BRIEF:
In the copy, include every entry exactly but none of the pictures.

SUPPLIED ENTRIES:
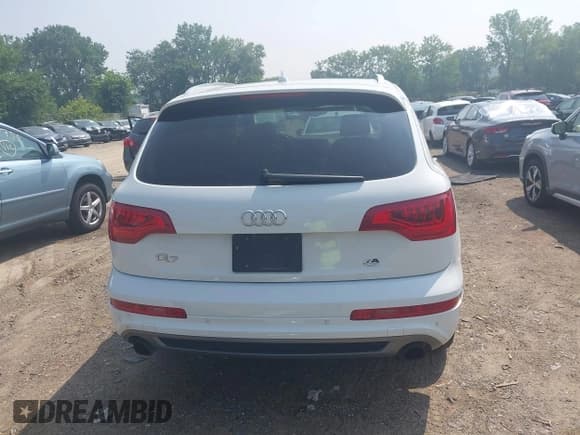 ✅ 2013 Audi Q7 S line Prestige • VIN: WA1DGBFEXDD016128 • Lot: 42835509. Wystawiony na IAAI z przebiegiem 136 514 mil. Bezpłatny archiwum sprzedaży aukcyjnych z USA i szczegółowy raport historii pojazdu na DreamBid. Zdjęcie 16.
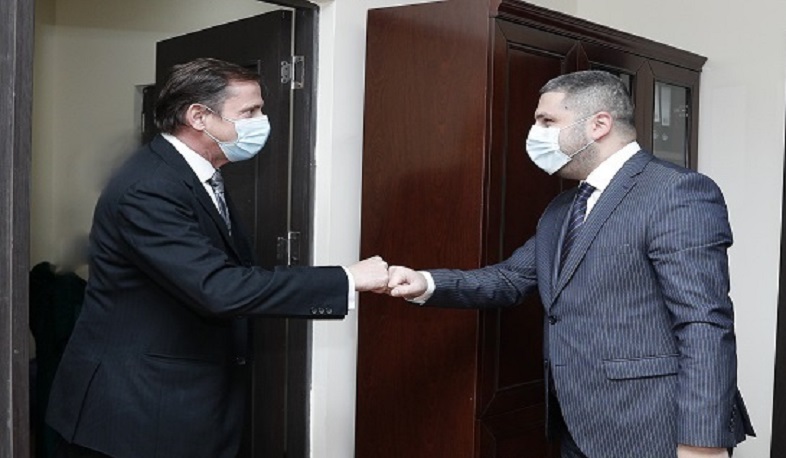 ԱԻ փոխնախարարը հանդիպել է ՀՀ-ում Ֆրանսիայի դեսպանության ներքին անվտանգության կցորդի հետ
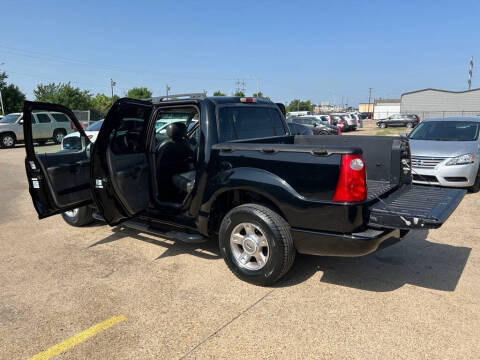 2004 Ford Explorer Sport Trac XLS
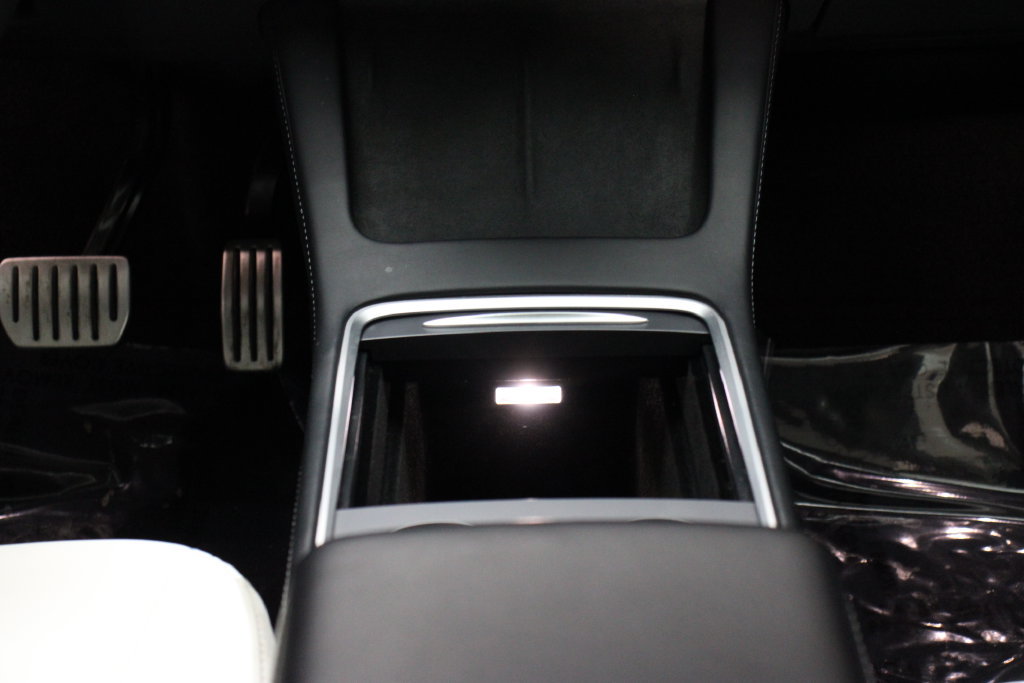 Used 2023 Tesla Model Y Performance AWD/4WD image 11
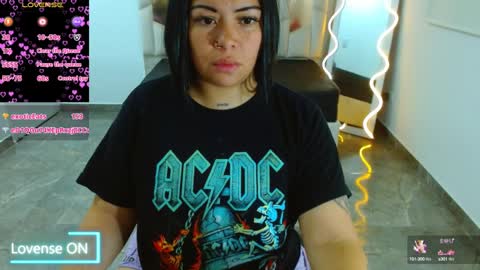 Hey im martina online show from 12.20.24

SOLUTION FOR THIS TASK:
 ✅ 2013 Audi Q7 S line Prestige • VIN: WA1DGBFEXDD016128 • Lot: 42835509. Wystawiony na IAAI z przebiegiem 136 514 mil. Bezpłatny archiwum sprzedaży aukcyjnych z USA i szczegółowy raport historii pojazdu na DreamBid. Zdjęcie 16.
 ԱԻ փոխնախարարը հանդիպել է ՀՀ-ում Ֆրանսիայի դեսպանության ներքին անվտանգության կցորդի հետ
 2004 Ford Explorer Sport Trac XLS
 Used 2023 Tesla Model Y Performance AWD/4WD image 11
 Hey im martina online show from 12.20.24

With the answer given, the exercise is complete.